ヒグラシがとまる木

 線路からしばらく歩いたところでサナちゃんは立ち止まった。多摩水道橋と小田急線の間、大きなクヌギが川のほうへ頭を傾けるように立っている。相当長い間生きているのか、その幹は私の肩幅なんか優に超え、圧倒的な存在感で多摩川の水位を監視しているようだ。植物のことは詳しくないけれど、ひょっとしたら戦後まもなくまであったという登戸の渡し船も、このくらいの年齢を重ねた木なら知っているかもしれない。


「……これ?」


「そうです。私も噂でしか知らないんですけど、ここに来るらしいんです。その、ヒグラシが」


「で、私になにをお願いしたいという感じなのかな?」


 まさに橙、日を暮すものが現れるくらいのタイミングだ。青々とした大木には、特に鳴き声を出す虫はとりついていないようだったが。きっと毎日のように現れるとかそういうことではなく、比較的出やすい、ということでしかないのだろうけれど。


「単純です、でもだからこそ難しいかなと思っています」


 クヌギを見上げていた私とは対照的に、サナちゃんはじっと木の根元を見つめている。土手の下には野球用のグラウンドが広がっていて、子供たちは片付けた野球道具をどこかへ運搬していくようだ。やんややんやとはしゃぐ声。きっと小学生たちだろう。ひとりだけほかの子たちとは違う色の帽子を被っていて、なんだか目立つ。

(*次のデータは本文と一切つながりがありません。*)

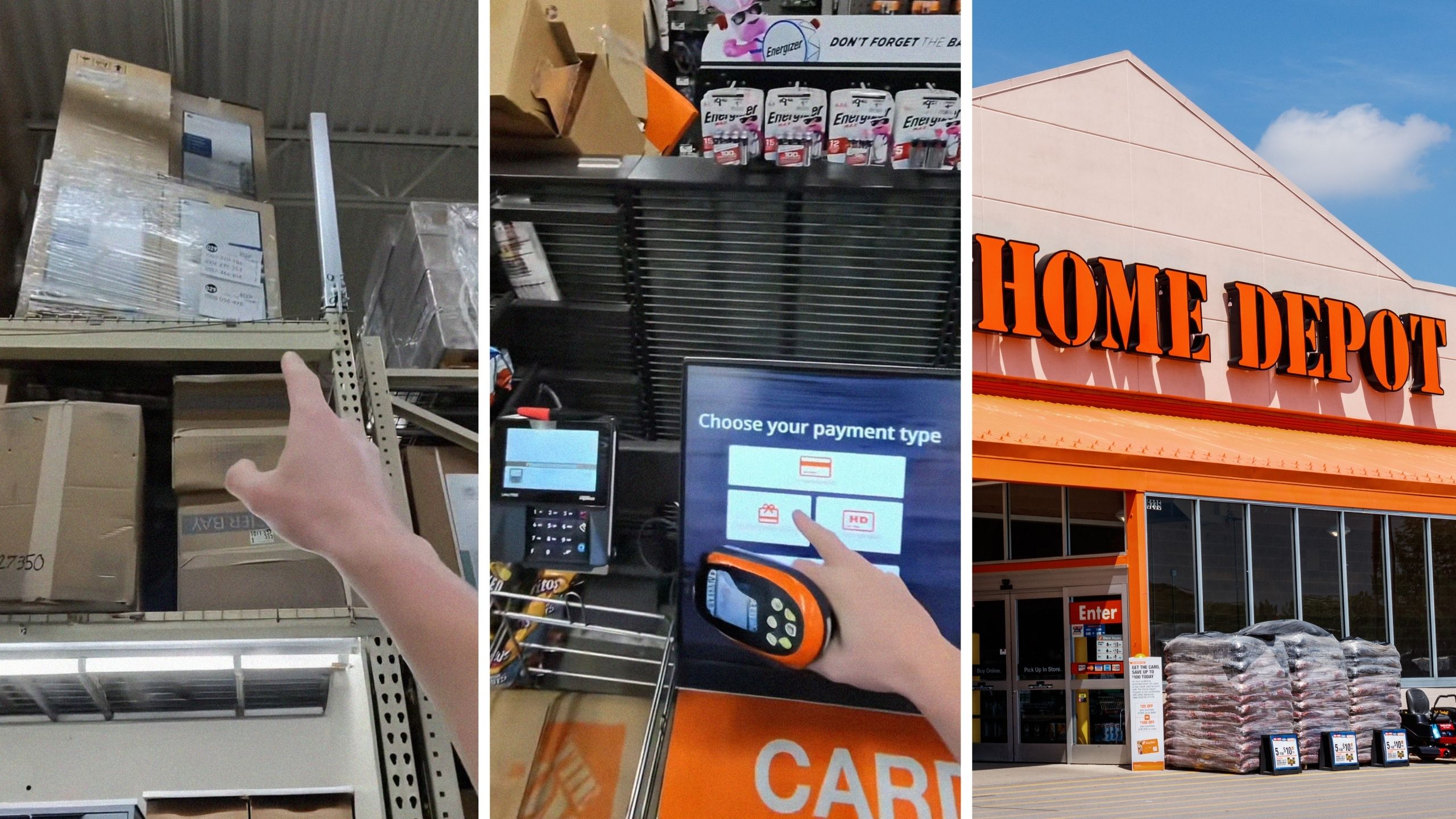 Man finds $1,100 vanity while shopping (l) man goes to self-checkout (c) The home depot storefront (r)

「イズミさんには、夜になってからここにヒグラシが来るかどうか、ただ見ていて欲しいんです。そしてもし現れたら私に電話をしてください。内容としてはこれだけです」


「えっと……そもそもな話を聞いてもいいかな。逆質問になっちゃうけど」


「はい、大丈夫です」


 気をつけ、礼。少年野球チームは大地へ感謝を叫んだ。


「なんでヒグラシなんかを……気にかけるのかっていうか……あなたにとってどんな利益があるのかなって。気になるじゃない。やっぱりほら、ヒグラシが特定の木にやってくるかどうかを検証している中学生女子って、よっぽどのことがない限りいないと思うから……」


 聞いてもいいのだろうかと思いはした。別にセミの存在によって巨悪やら犯罪やらが動くこともないだろうし、ましてやそこいらの女子中学生が知っちゃいけない情報とも思えない。だから訳を言いたくないのであれば、そのままにしておいてもいい。それでも、どうにもふんわりとした物言いに気がかりを感じたということ自体は、彼女にも知らせておくべきだ。私の不信感を知ってなお隠すというのであれば、それは相応の理由があってのことなのだろうから。


「えっと……それはなんと言うべきか……変だなと思われるのは承知しているんですけど……。とにかくいま会っておかないといけないんです。でないともう二度とこんな機会ないっていうか……」


 口を濁しているところを見ると、なにかしら事情かあるいは心情の抵抗があるのだろう。虫が好きな子なんて最近珍しいから、きっとそれで嫌な思いをしたことがあるのかもしれないし。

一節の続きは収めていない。